### Task inputs:
╭──

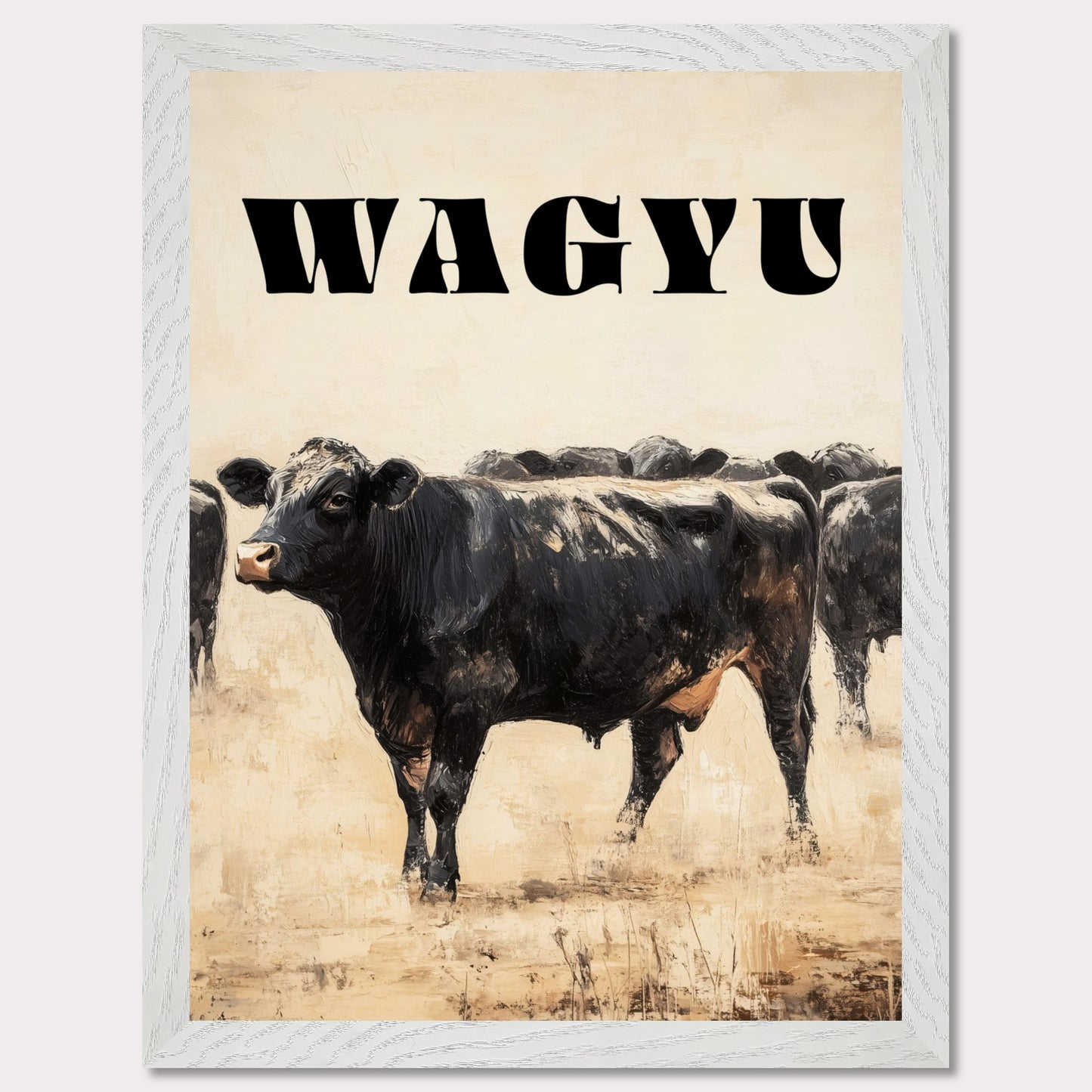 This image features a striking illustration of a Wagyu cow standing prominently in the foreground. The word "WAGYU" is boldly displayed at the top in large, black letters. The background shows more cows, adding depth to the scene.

╰──
╭──

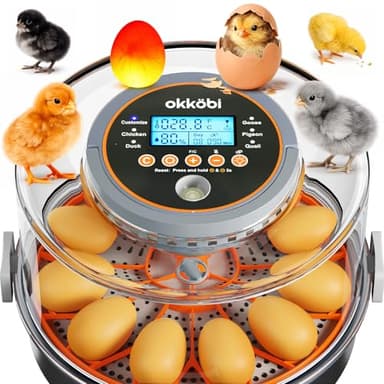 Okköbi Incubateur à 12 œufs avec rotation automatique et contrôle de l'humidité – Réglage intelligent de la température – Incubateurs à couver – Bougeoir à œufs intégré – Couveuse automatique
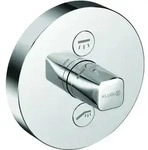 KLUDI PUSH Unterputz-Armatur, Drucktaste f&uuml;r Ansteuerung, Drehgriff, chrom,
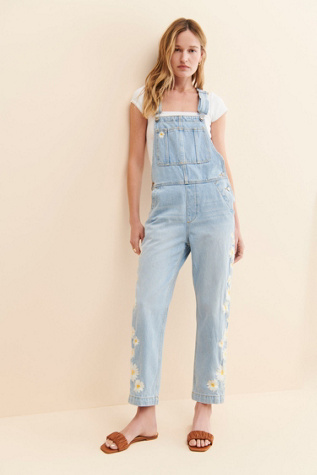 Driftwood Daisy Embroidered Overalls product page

╰──

### What the task requires:
Your task is to copy only the lines above starting at the one containing "Okköbi Incubateur à" and ending at the one containing "Driftwood Daisy Embroidered". Copy them exactly, both ends included, and omit the pictures.

### Answer section:
 Okköbi Incubateur à 12 œufs avec rotation automatique et contrôle de l'humidité – Réglage intelligent de la température – Incubateurs à couver – Bougeoir à œufs intégré – Couveuse automatique
 KLUDI PUSH Unterputz-Armatur, Drucktaste f&uuml;r Ansteuerung, Drehgriff, chrom,
 Driftwood Daisy Embroidered Overalls product page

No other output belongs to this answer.